→ Problem description
Your answer must be a word-for-word copy of the listing below, minus its pictures.

::: Data records

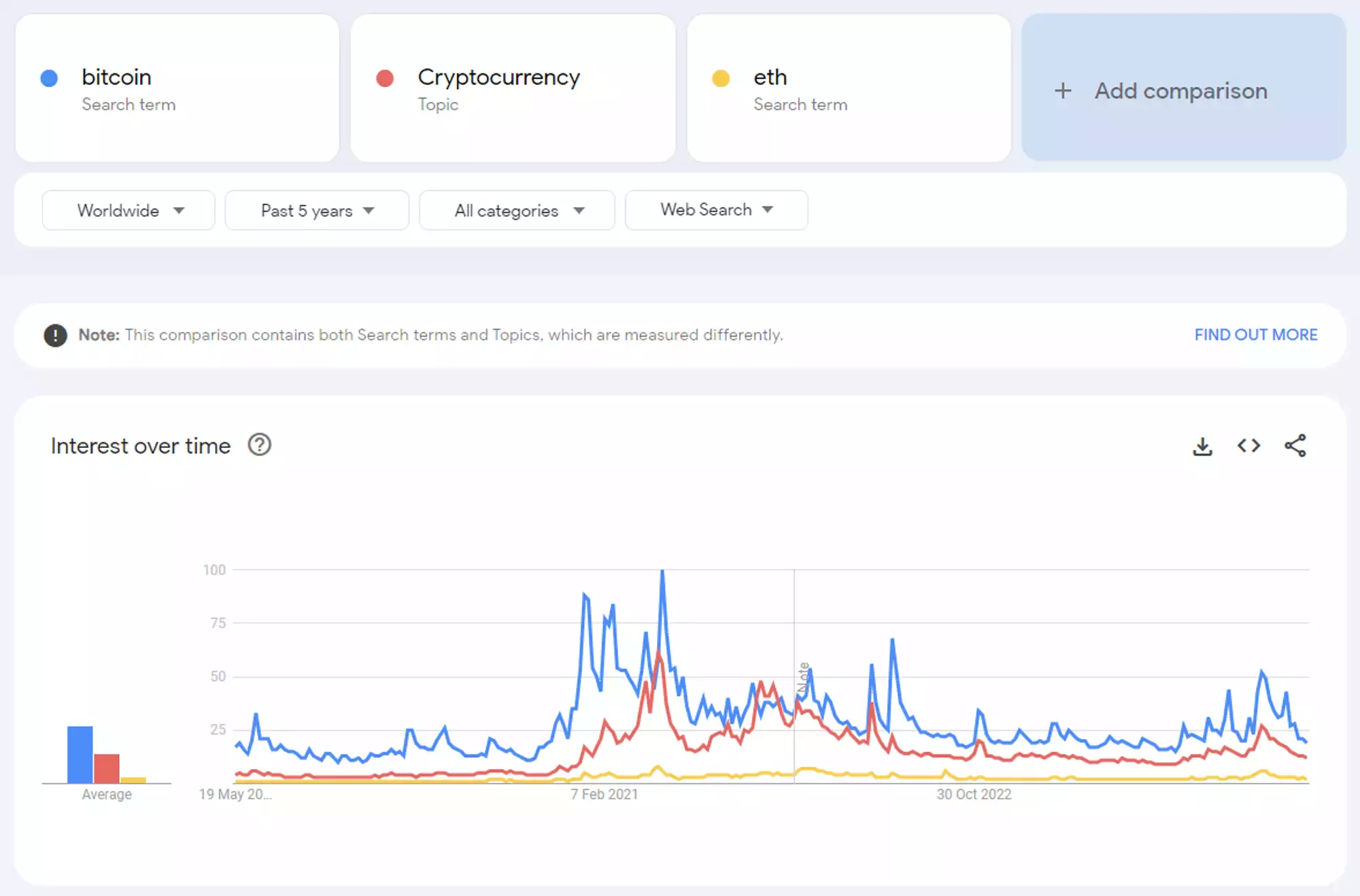 A screenshot of a graphDescription automatically generated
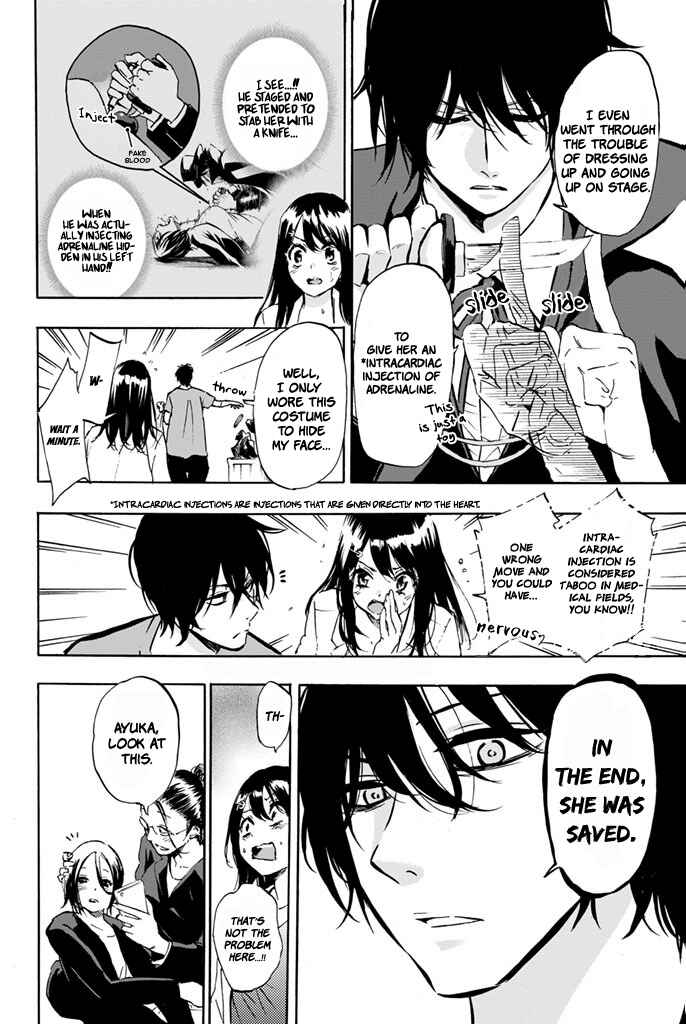 Page 22 Chapter 6 Dr. Prisoner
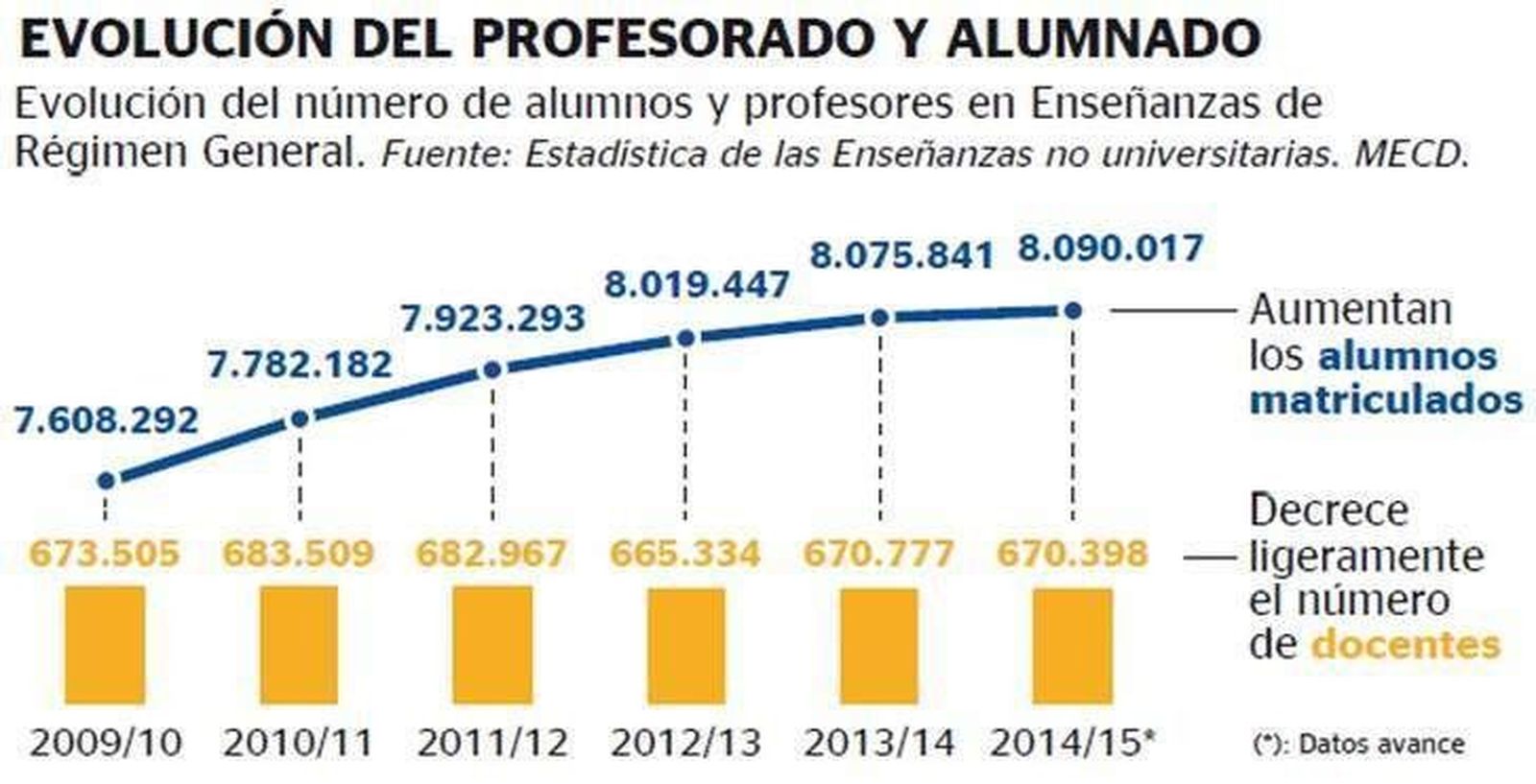 Las transformaciones que están por venir durante los próximos años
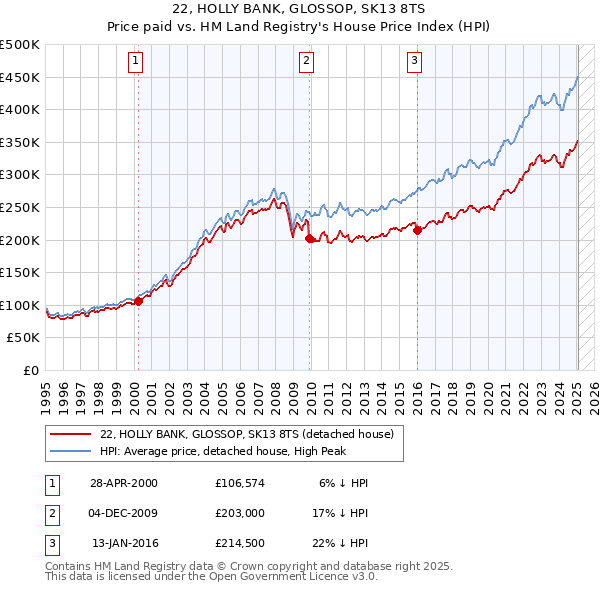 22, HOLLY BANK, GLOSSOP, SK13 8TS: Price paid vs HM Land Registry's House Price Index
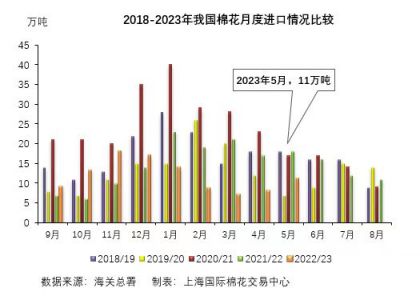 国内棉价止跌冲高 2023年中国棉花实播面积同比减少103% 总投资10亿！30万锭精梳纺纱项目落户新疆(图4)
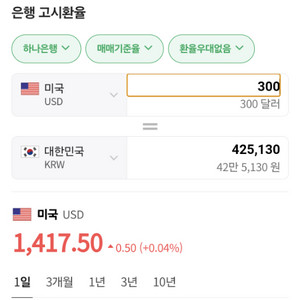 달러판매합니다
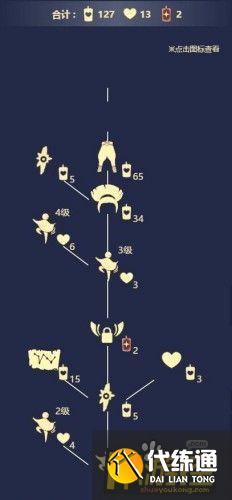 光遇灯笼棉裤复刻先祖在哪,光遇灯笼棉裤复刻先祖兑换图一览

::::::

→ Exercise result
 A screenshot of a graphDescription automatically generated
 Page 22 Chapter 6 Dr. Prisoner
 Las transformaciones que están por venir durante los próximos años
 22, HOLLY BANK, GLOSSOP, SK13 8TS: Price paid vs HM Land Registry's House Price Index
 国内棉价止跌冲高 2023年中国棉花实播面积同比减少103% 总投资10亿！30万锭精梳纺纱项目落户新疆(图4)
 달러판매합니다
 光遇灯笼棉裤复刻先祖在哪,光遇灯笼棉裤复刻先祖兑换图一览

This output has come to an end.